Kebijakan pengaktifan kembali Pembangkit Listrik Tenaga Nuklir (PLTN) pada saat
pemerintahan Shinzo Abe kemudian merupakan hasil dari kerjasama yang baik antara tiga
aktor utama (Shinzo Abe& METI, LDP serta perusahaan listrik/ kelompok bisnis) yang telah
lama terjalin sejak awal energi nuklir diperkenalkan sebagai sumber energi di Jepang.
Sedangkan kelompok anti nuklir yang mendapatkan momen pergerakan pasca bencana
Fukushima Daiichi semakin terhimpit oleh aksi persuasif pemerintahan Shinzo Abe untuk
meyakinkan masyarakat Jepang bahwa Jepang masih membutuhkan energi nuklir untuk dapat
bertahan hidup dan memenuhi kebutuhan domestiknya.
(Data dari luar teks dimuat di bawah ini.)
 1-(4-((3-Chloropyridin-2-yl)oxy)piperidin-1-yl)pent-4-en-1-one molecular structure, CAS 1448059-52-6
Mengkaji proses perumusan
kebijakan pengaktifan kembali PLTN yang terwujud di bawah pemerintahan Shinzo Abe
memberikan pemahaman terkait dengan continuity and change di dalam kebijakan energi
Jepang. Sebagai negara yang minim sumber daya alam, Jepang secara konsisten mencari
energi alternatif yang dapat memenuhi kebutuhan energi domestiknya. Namun di sisi lain
letak geografis Jepang yang membuatnya rawan bencana alam khususnya gempa dan tsunami
memberikan pertimbangan tersendiri terkait dengan opsi energi yang aman dan efisien untuk
dimanfaatkan oleh Jepang.
Beberapa poin continuity yang didapatkan setelah melakukan analisis terhadap
kebijakan pengaktifan kembali PLTN diantaranya adalah kedekatan pemerintah (khususnya
ketika dikuasai oleh Liberal Democratic Party) dengan kelompok bisnis dalam relasi benefit
dan pengaruh. Selain itu dari kasus ini, terlihat pula bahwa opini publik di Jepang masih
memegang peranan yang lemah di bawah pemerintahan LDP terlebih lagi dalam
mempengaruhi kebijakan energi di dalam negeri. Sedangkan poin change dalam kasus ini
adalah momentum bencana alam seperti Fukushima Daiichi dapat sangat menentukan posisi
tawar kelompok anti nuklir dalam mempengaruhi kebijakan dimana opini publik sempat
sangat berpengaruh pasca bencana Fukushima Daiichi dibawah pemerintahan Democratic
Party of Japan. Sehingga proses perumusan kebijakan energi menjadi arena pertemuan antara
dua kelompok dengan kepentingan yang berbeda dan hasil dari interaksi keduanya akan
dipengaruhi oleh poin-poin yang telah dijabarkan sebelumnya.